── Data provided
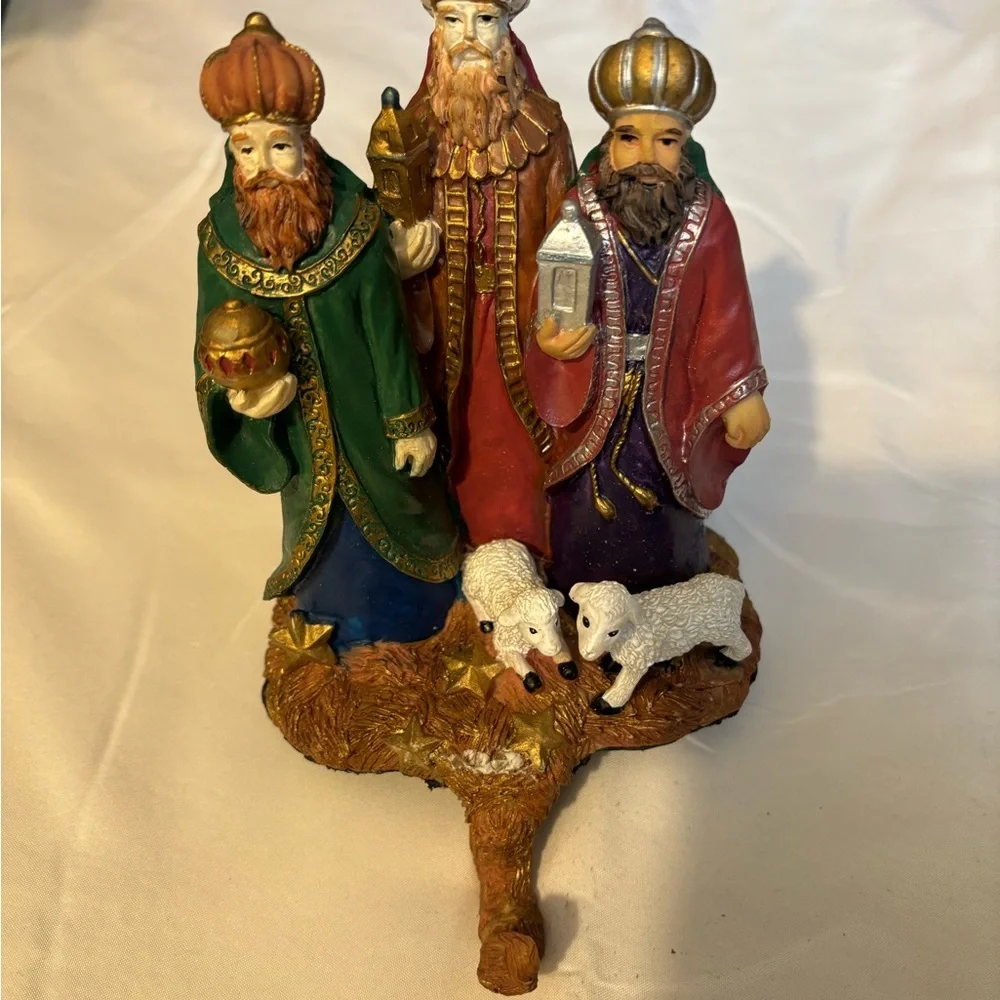 Vintage Three Wise Men Sock Hanger Holiday Figurine Multicolor Ceramic Heavy
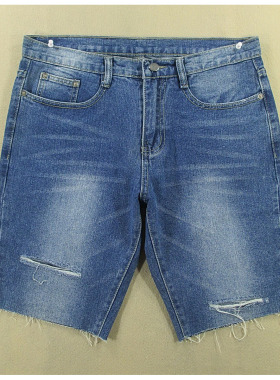 牛仔中裤五分裤男31码薄款破洞修身短裤夏款全新品R109/38534-11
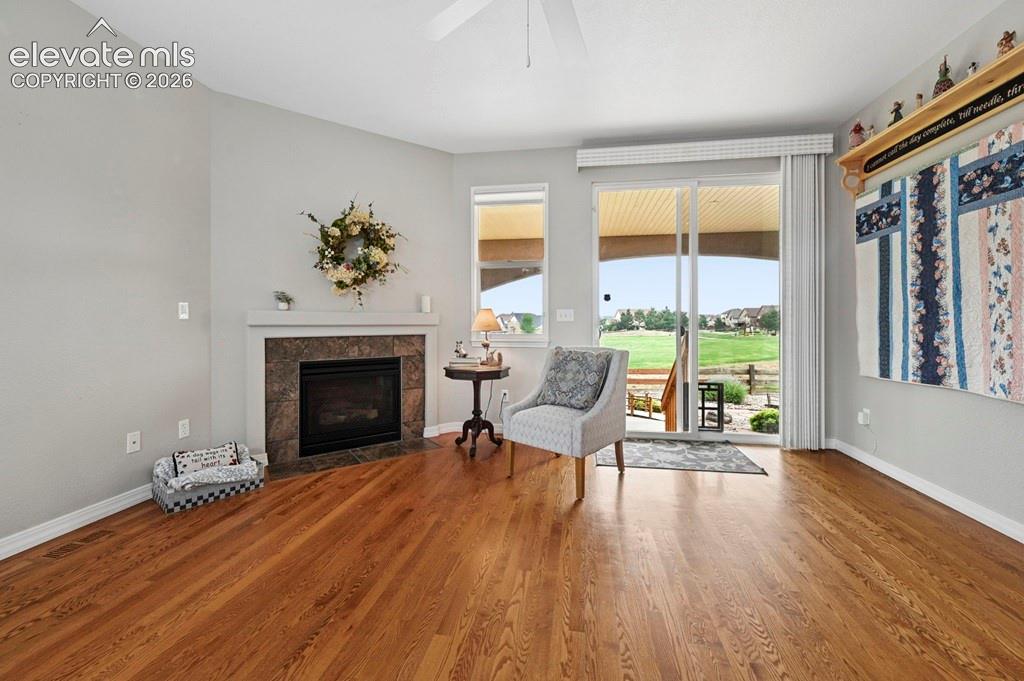 Living room with walk out to back yard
────
## To do:
An exact retyping of the material, minus the pictures, is the required answer.

## Reply:
 Vintage Three Wise Men Sock Hanger Holiday Figurine Multicolor Ceramic Heavy
 牛仔中裤五分裤男31码薄款破洞修身短裤夏款全新品R109/38534-11
 Living room with walk out to back yard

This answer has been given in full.